***** Provided data *****

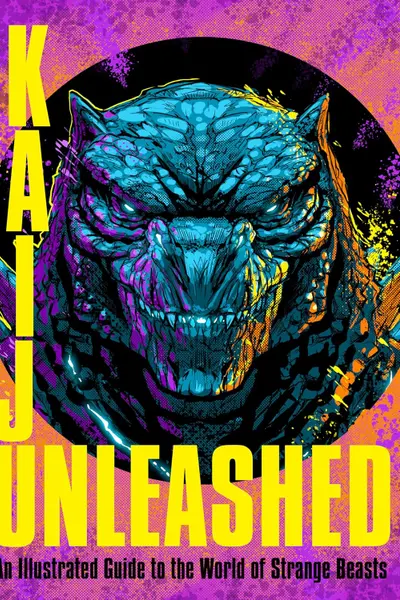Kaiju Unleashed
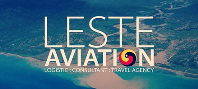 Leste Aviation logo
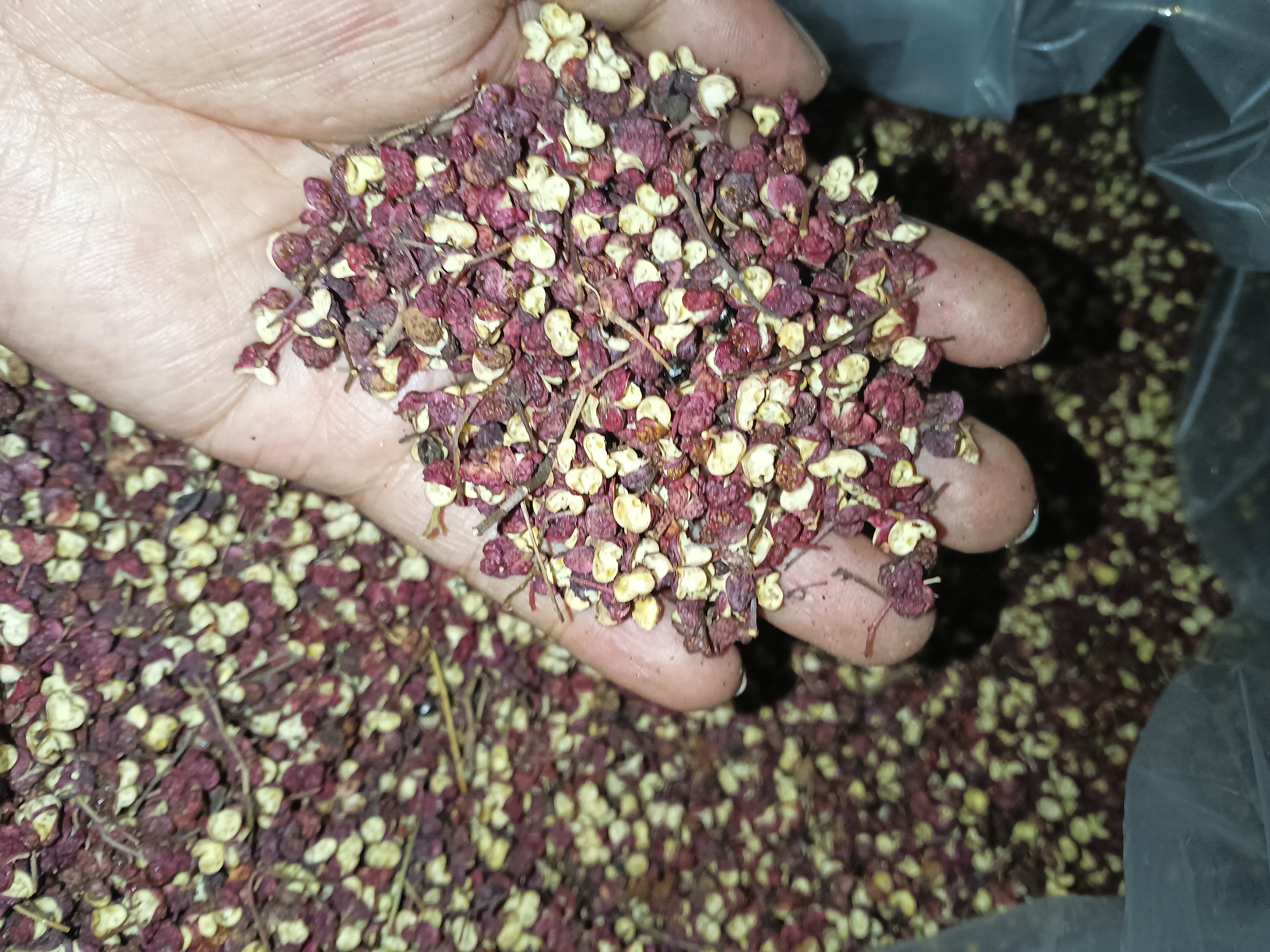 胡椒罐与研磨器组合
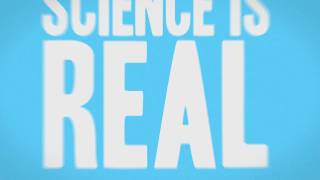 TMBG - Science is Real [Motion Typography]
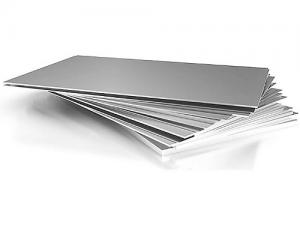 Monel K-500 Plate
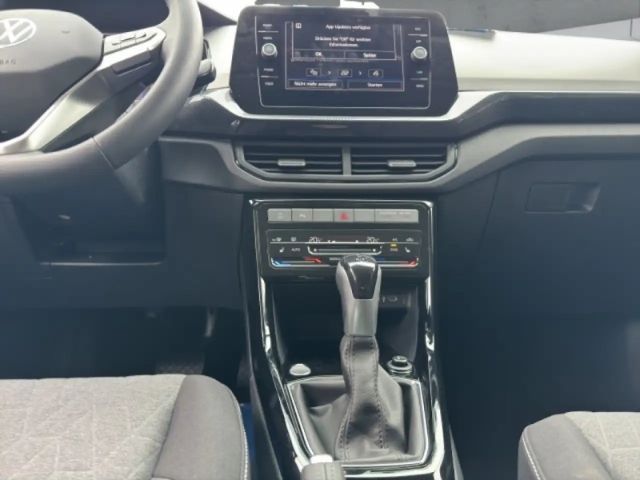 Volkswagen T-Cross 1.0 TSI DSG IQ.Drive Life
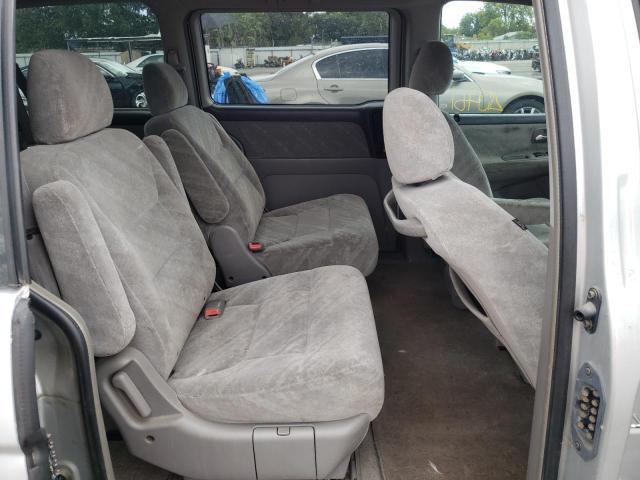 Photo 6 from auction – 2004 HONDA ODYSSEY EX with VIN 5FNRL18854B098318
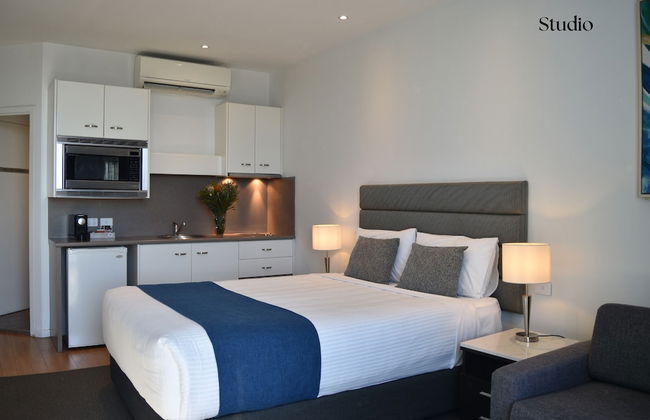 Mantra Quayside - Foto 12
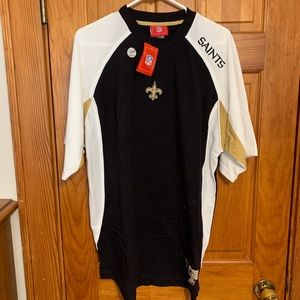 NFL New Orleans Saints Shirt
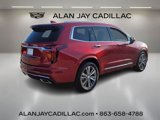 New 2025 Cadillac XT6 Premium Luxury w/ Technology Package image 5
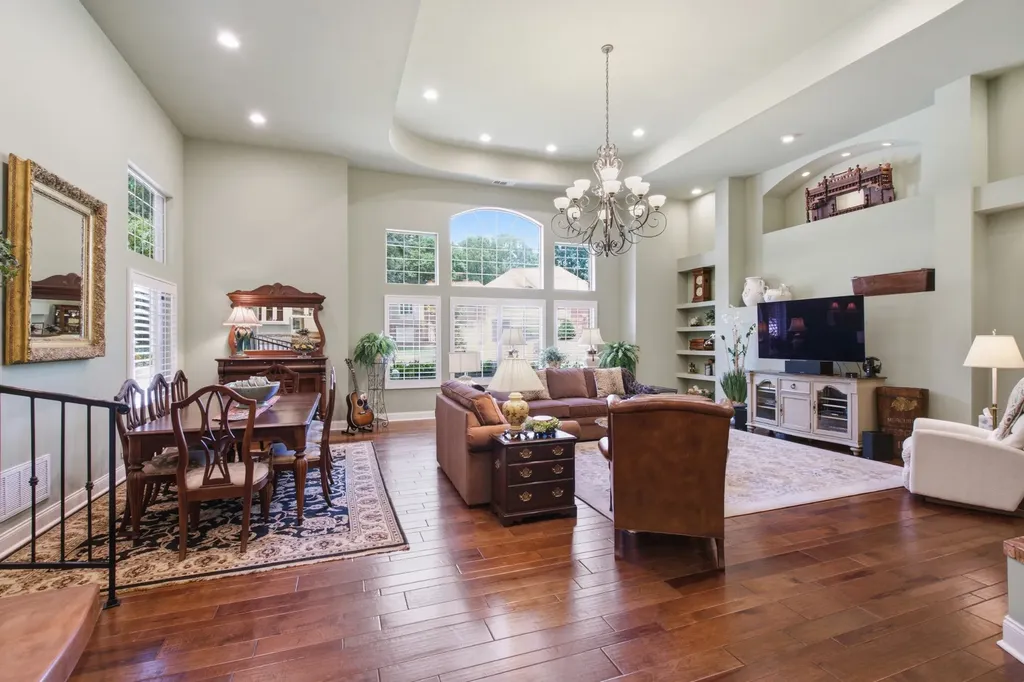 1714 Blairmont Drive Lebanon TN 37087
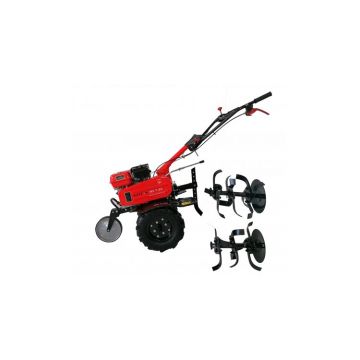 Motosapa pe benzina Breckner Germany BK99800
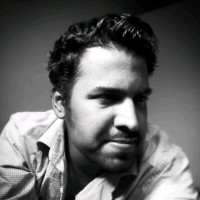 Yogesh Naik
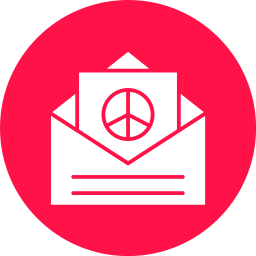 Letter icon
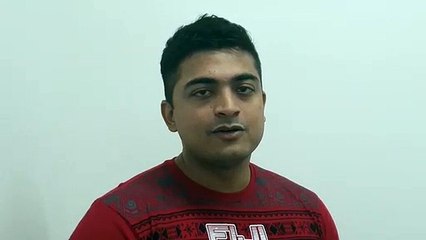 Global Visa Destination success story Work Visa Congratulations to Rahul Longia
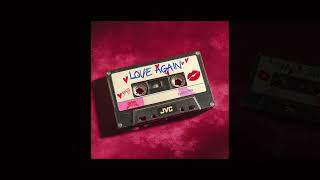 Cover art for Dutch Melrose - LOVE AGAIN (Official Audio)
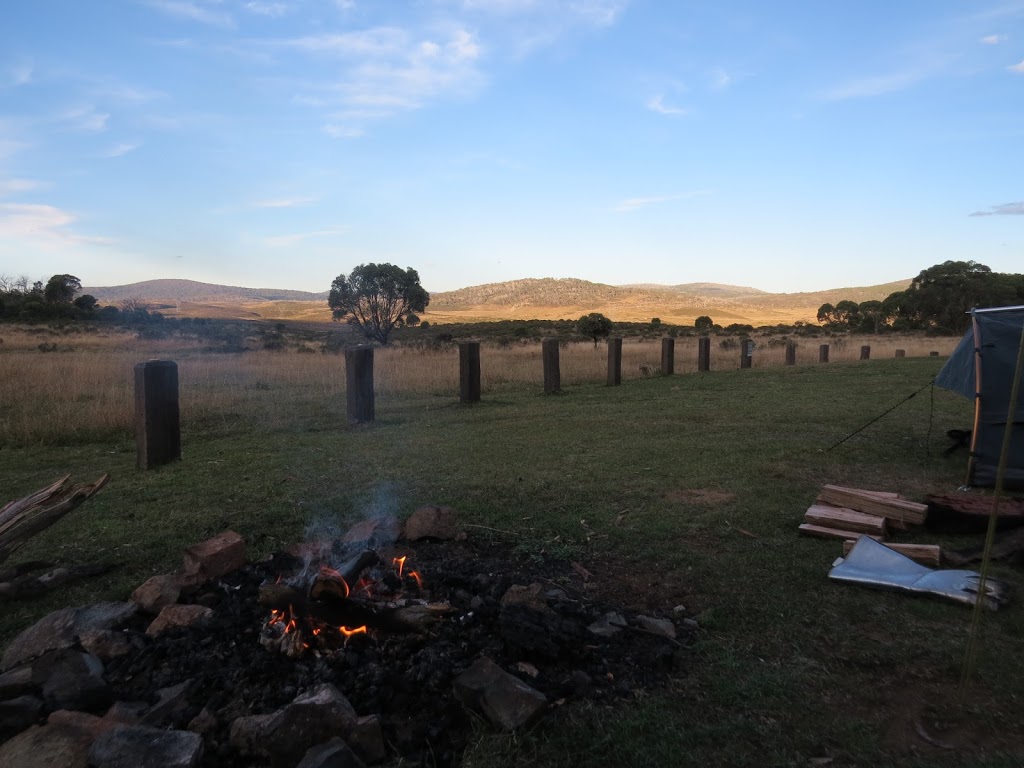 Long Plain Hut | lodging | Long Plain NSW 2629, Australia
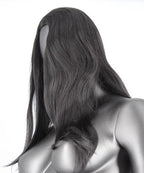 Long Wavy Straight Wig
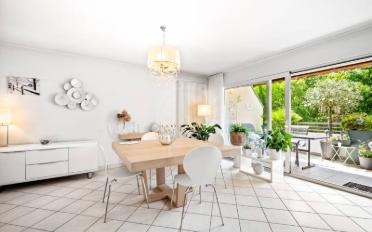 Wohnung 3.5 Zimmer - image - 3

*****

- _Work to complete_
Using the data above, transcribe exactly the lines between those containing "NFL New Orleans Saints Shirt" and "Long Wavy Straight Wig", inclusive, and leave every picture behind.

- _Solution below_
 NFL New Orleans Saints Shirt
 New 2025 Cadillac XT6 Premium Luxury w/ Technology Package image 5
 1714 Blairmont Drive Lebanon TN 37087
 Motosapa pe benzina Breckner Germany BK99800
 Yogesh Naik
 Letter icon
 Global Visa Destination success story Work Visa Congratulations to Rahul Longia
 Cover art for Dutch Melrose - LOVE AGAIN (Official Audio)
 Long Plain Hut | lodging | Long Plain NSW 2629, Australia
 Long Wavy Straight Wig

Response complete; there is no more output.